## YOUR OBJECTIVE
Give back an exact copy of the listing that follows, without the pictures.

**** DATASET CONTENT

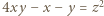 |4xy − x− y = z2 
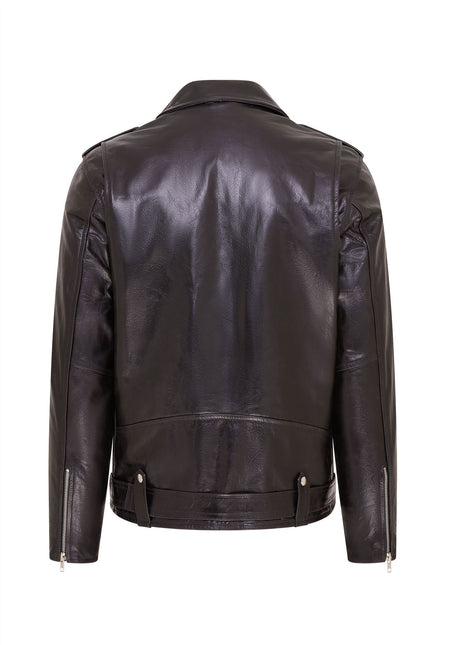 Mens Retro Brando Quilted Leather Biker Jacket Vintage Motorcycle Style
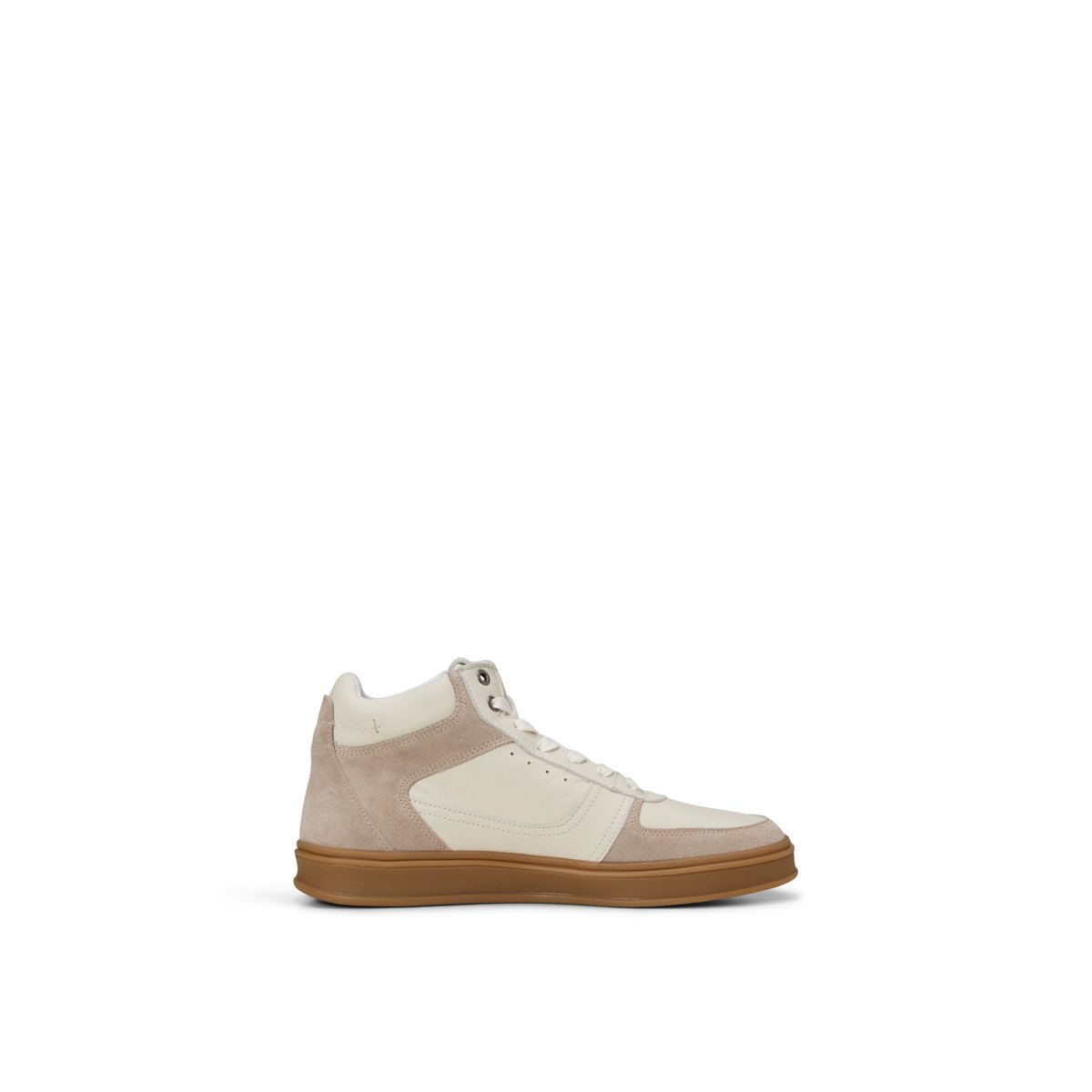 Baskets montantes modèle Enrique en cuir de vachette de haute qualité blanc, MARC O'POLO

********

## OUTPUT
 |4xy − x− y = z2 
 Mens Retro Brando Quilted Leather Biker Jacket Vintage Motorcycle Style
 Baskets montantes modèle Enrique en cuir de vachette de haute qualité blanc, MARC O'POLO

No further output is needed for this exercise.